During the goldrush of the 1820’s, two outsiders strike up a friendship and a business plan: Using stolen milk from the only cow in the Oregon Territory, they start producing cakes that match the finest treats of the civilized world. With the cakes a runaway success, their only problem is keeping the nightly milk heists a secret. With the uniquely charming and universally critically acclaimed FIRST COW, Kelly Reichardt (MEEK’S CUTOFF, CERTAIN WOMEN) returns with another warm and nuanced tale of life in the Pacific Northwest.
Christovam moves from rural northern Brazil to a former Austrian colony in the south to work in a milk factory. As one of few dark-skinned people in town, he is met with threats and racist prejucides by locals but finds solace in an abandoned house which seems to have a mind of its own. Upon moving in, Christovam discovers that the house is materializing his own memories – and slowly driving him insane. Seductively atmospheric and surreal, MEMORY HOUSE is a dark fairytale of a modern-day Brazil haunted by its colonial past.
From the ancient Slavic forests, a mysterious figure emerges with strange abilities and a foldable massage table. In a modern city somewhere in Eastern Europe, he encounters a society cursed by a relentless pursuit of material goods and a pathological drive to emulate the West. As he makes his way through the community, the inhabitants start to wake up from their spiritual sleep. NEVER GONNA SNOW AGAIN is a stylish, poetic and hauntingly resonant fable about modernity and identity in post-Soviet Eastern Europe.
When Maria is admitted to an institution for people with mental disabilities, she immediately becomes friends with Dragana. But when they discover that they are both in love with their fellow resident Robert, jealousy turns the two of them into bitter – and dangerous – enemies. Filmed in an institution and featuring residents playing fictionalized versions of themselves, OASIS is an emotionally raw and uncomfortably realistic film about love, friendship and the unquenchable thirst for independence.
In a remote villa somewhere in Austria lives ten-year-old Elli and the man she refers to as “papa”. However, the relationship between the two is not what it seems at first glance. For one thing, “papa” touches Elli in a way no adult should ever touch a child. For the other, Elli is a robot.

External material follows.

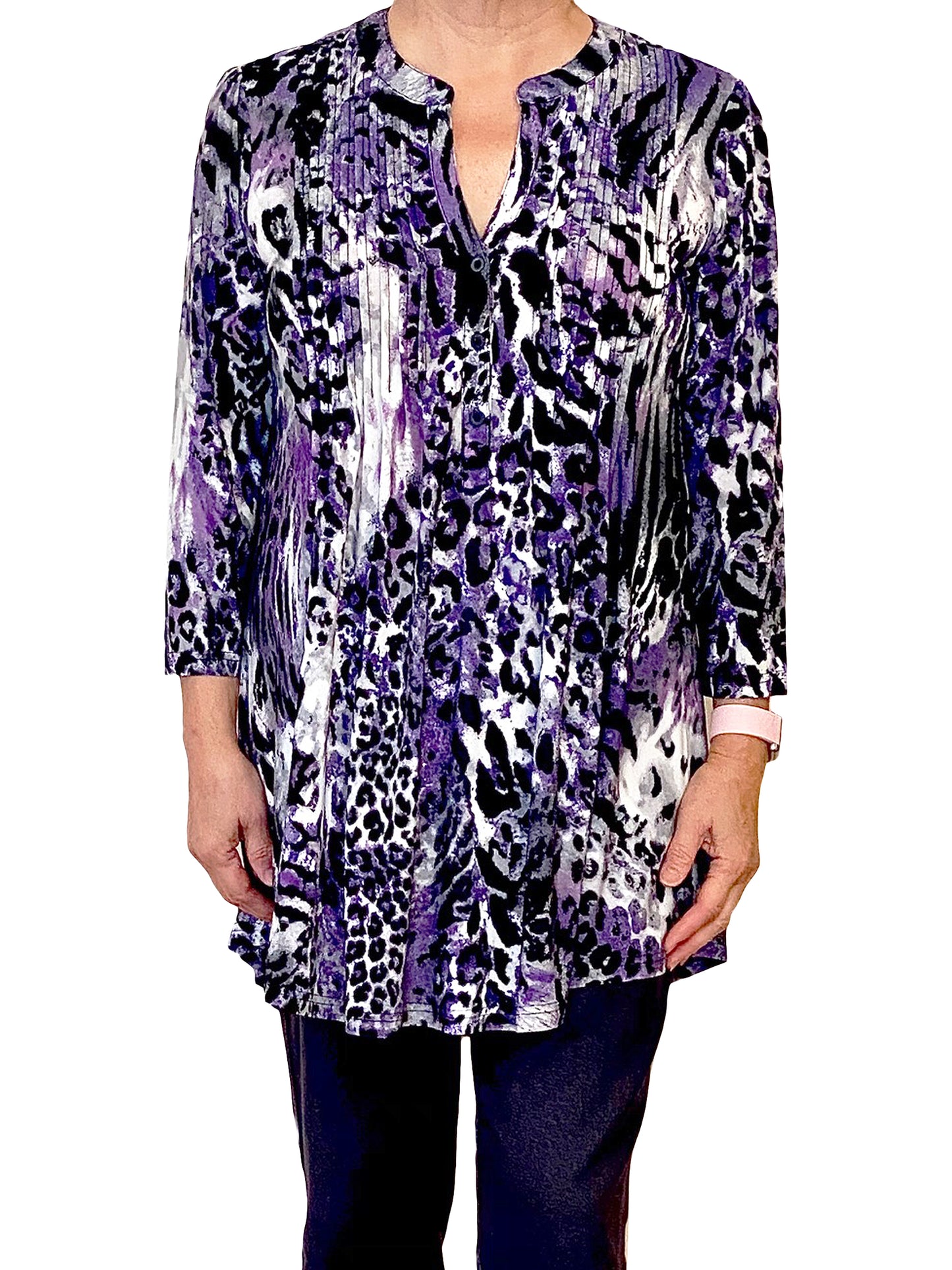La Cera Pleat Front Animal Printed Tunic - La Cera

Combining ideas from Spike Jonze’s HER and Alex Garland’s EX MACHINA with the stark and unpleasant tone of Michael Haneke and Ulrich Seidl, Sandra Wollner’s stylish and atmospheric sci-fi film poses some very uncomfortable questions.
In YALDA, A NIGHT FOR FORGIVENESS a young woman sentenced to death for the murder of her husband gets one chance at having her conviction overturned: By begging his relatives for forgiveness on live TV. Using this bizarre and very real form of Iranian television entertainment as a framing device, director Massoud Bakshi expertly ratchets up the tension, as the story behind the husband’s death is slowly revealed. The result is a remarkably suspenseful drama about the inherent misogyny of the religious laws which permeate Iranian society.
The winner will be announced at BIFF's awards ceremony on Thursday 15 October 2020, and the winning films will have an extra screening each during the last festival weekend.